TÜİK, 10 yıllık bir tabloyla gelir dağılımı eşitliğinin nasıl bozulduğunu da gösteriyor.
İyiye değil kötüye gitmiş, gelir dağılımı adaletsizliği düzelmekten uzaklaşmış.
Gelir düzeyi bakımından yüzde 20’lik 5 gruba ayırıyorlar toplumu. Alttaki 4 grubun 4’ü de görünüşte uygun adım yerinde sayıyor.
İlerleme yok, sınıf atlama yok. Sınıflar arası ufak tefek geçişkenlikler varsa bile üst sınıflardan aşağılara doğru. Alttan yukarıya değil.
Bir tek kaymak tabakasında keyifler keka. İşleri tıkırında, enseleri daha da kalınlaşmış.
Fakat o da ne! En alttakilerle en üsttekiler arasındaki makasın açıldığı, uçurumun büyüdüğü anlamına geliyor bu. TÜİK söylüyor.

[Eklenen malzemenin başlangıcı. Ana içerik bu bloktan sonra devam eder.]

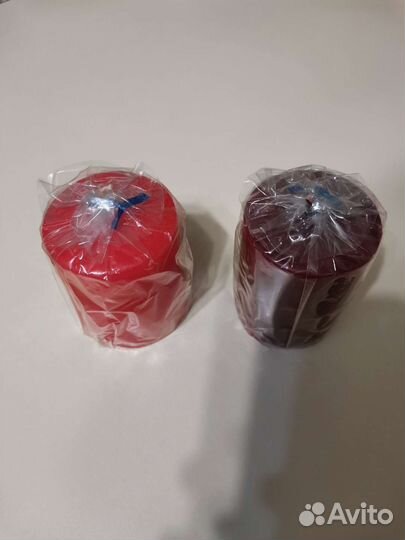 Свечи красная и бордовая 60 на 80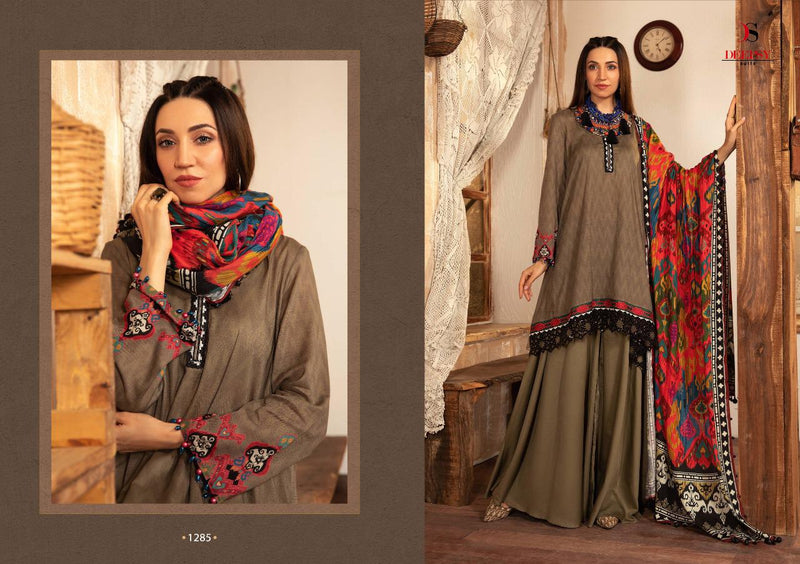 Deepsy Suits Mariab Vintage Cotton With Embroidery Work Pakistani Salwar Suits
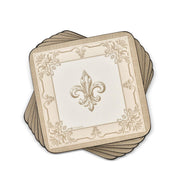 Pimpernel - Fleur de Lys Set of 6 Coasters | 4 x 4 Inches - Limolin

Yani 5 ekonomik tabakanın 4’ü yerinde saymıyor aslında, ülkenin ürettiği toplam gelirden aldıkları pay üsttekilere kıyasla geri gidiyor.
E zaten toplam gelir de 2013’ten beri tepetaklak geriliyordu. Kişi başı 12 bin 500 dolarlardan 8 binlere inmiş durumda. Fakir daha da fakirleşti demektir.
Kişi başı gelir, TÜİK’in üstün gayretlerine, rakamları iyileştirici hesap ayarlamalarına rağmen düşüyor.
IPSOS’un araştırmasıydı. Orta tabaka, 2010’da toplumun yüzde 59’una ulaşmıştı. Alt sınıflardan orta sınıfa geçişler sayesinde.
Günlük 10 dolar ve üstü harcayabilen, kültüre sanata vakit ve para ayırabilen sınıf ne kadar kalabalıksa, toplumu taşıyan orta direk o kadar sağlam...
Yoksulluk artarken zengin daha da zenginleşmiş. Orta tabaka erirken, orta direk geçim derdine düşerken en üsttekiler semirdikçe semirmiş.
AK Parti, adil düzenciydi. Fakiri daha fakir, zengini daha zengin yapan bu adaletsiz ekonomik düzeni değiştirecekti. 20 yıldan sonra sonuç bu.
Başlığa bakmayın, rakamlar duraklama falan değil düpedüz gerileme döneminde olduğumuzu anlatıyor.
‘Dinsizin hakkından imansız gelir’ hukuku
Devleti, başka şiddet organizasyonlarından ayıran fark, keyfi güç kullanamaması, hukukla bağlı olmasıdır.
Adaletin çöktüğü, güçlünün haklı olduğu, haklının güçlü olamadığı, üstünlerin hukukunun hukukun üstünlüğüne galip geldiği, zayıfın kanun önünde eşit muamele görmediği, kimsesizin ayrıcalıklılara karşı yargı tarafından korunmadığı ve ezilenin hakkını arayamadığı yerlerde orman kanunu geçerlidir: Kimin gücü kime yeterse!
Buna kısaca ‘dinsizin hakkından imansız gelir hukuku’ da diyebiliriz.
Ecdadın, eşkıyaya neden ayrı bir sevgisi ve rağbeti olduğu da bu sözde saklı.
Çünkü eşkıya, kendi öcünü alırken marabanın hakkını da ağadan almış kadar olur.
Sözlükler, ‘dinsizin hakkından imansız gelir’ atasözünü şöyle izah ediyor:
“Kötü ve acımasız bir kişiyi, ancak ondan daha kötü ve daha acımasız bir kişi alt edip dize getirebilir...”
Tabii hukukun olmadığı yerde ortaya çıkan bir ihtiyaçtır, ne mutlu ‘bu ilkel duygular bizden uzak’ diyebilene.